» Raw data:
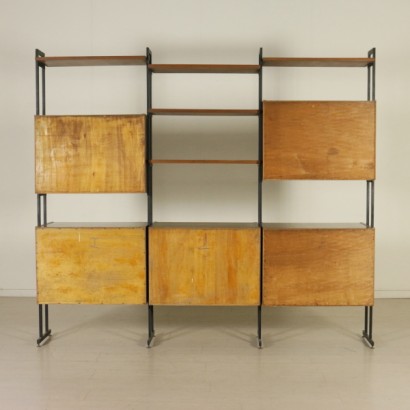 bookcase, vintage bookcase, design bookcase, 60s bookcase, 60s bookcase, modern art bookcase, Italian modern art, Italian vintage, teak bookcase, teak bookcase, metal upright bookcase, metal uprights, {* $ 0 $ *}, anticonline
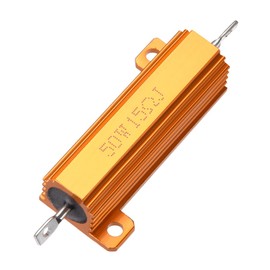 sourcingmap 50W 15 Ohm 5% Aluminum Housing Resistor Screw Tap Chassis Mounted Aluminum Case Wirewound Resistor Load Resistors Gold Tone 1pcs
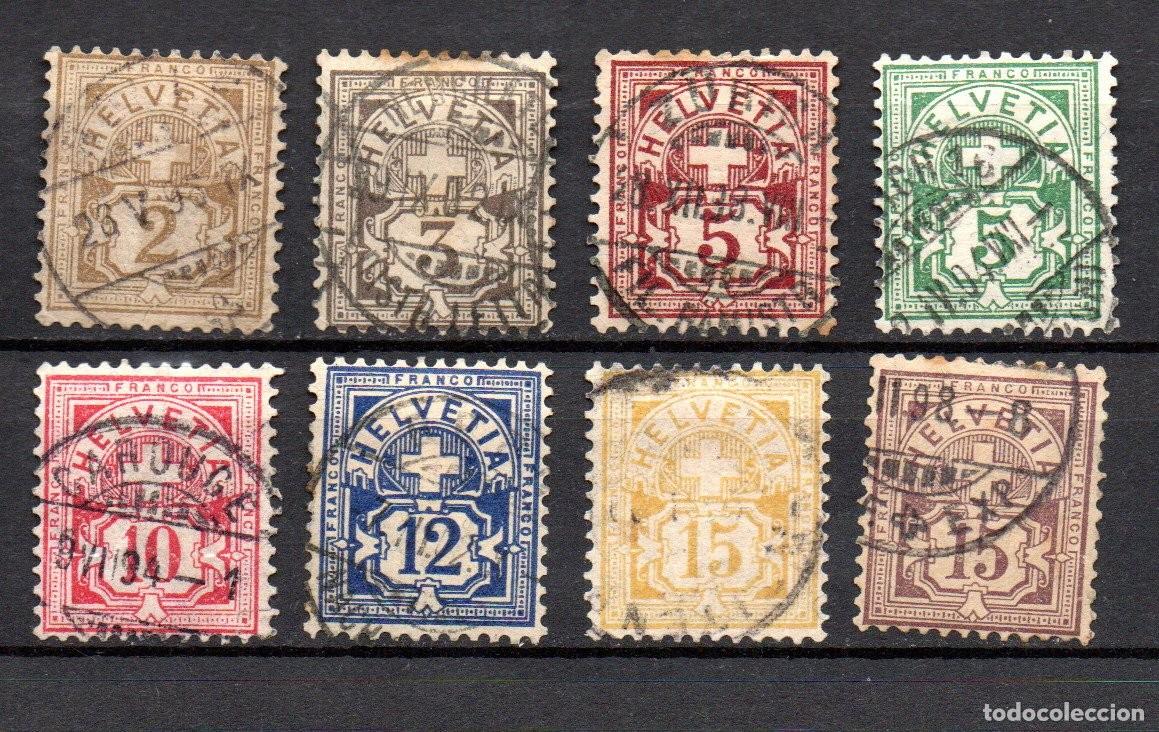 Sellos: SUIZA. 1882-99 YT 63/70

--

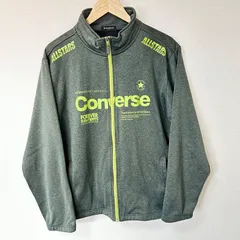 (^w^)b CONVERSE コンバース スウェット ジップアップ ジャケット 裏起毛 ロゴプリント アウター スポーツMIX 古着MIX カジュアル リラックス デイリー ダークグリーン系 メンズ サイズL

* * *

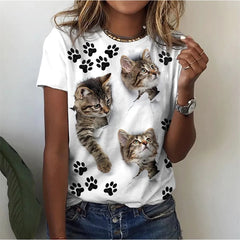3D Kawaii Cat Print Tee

» Work instructions: The stretch above running from the line with "bookcase, vintage bookcase, design" through the line with "Sellos: SUIZA. 1882-99 YT 63/70" is all you should copy, exactly, leaving out the pictures.

» Response to the task:
 bookcase, vintage bookcase, design bookcase, 60s bookcase, 60s bookcase, modern art bookcase, Italian modern art, Italian vintage, teak bookcase, teak bookcase, metal upright bookcase, metal uprights, {* $ 0 $ *}, anticonline
 sourcingmap 50W 15 Ohm 5% Aluminum Housing Resistor Screw Tap Chassis Mounted Aluminum Case Wirewound Resistor Load Resistors Gold Tone 1pcs
 Sellos: SUIZA. 1882-99 YT 63/70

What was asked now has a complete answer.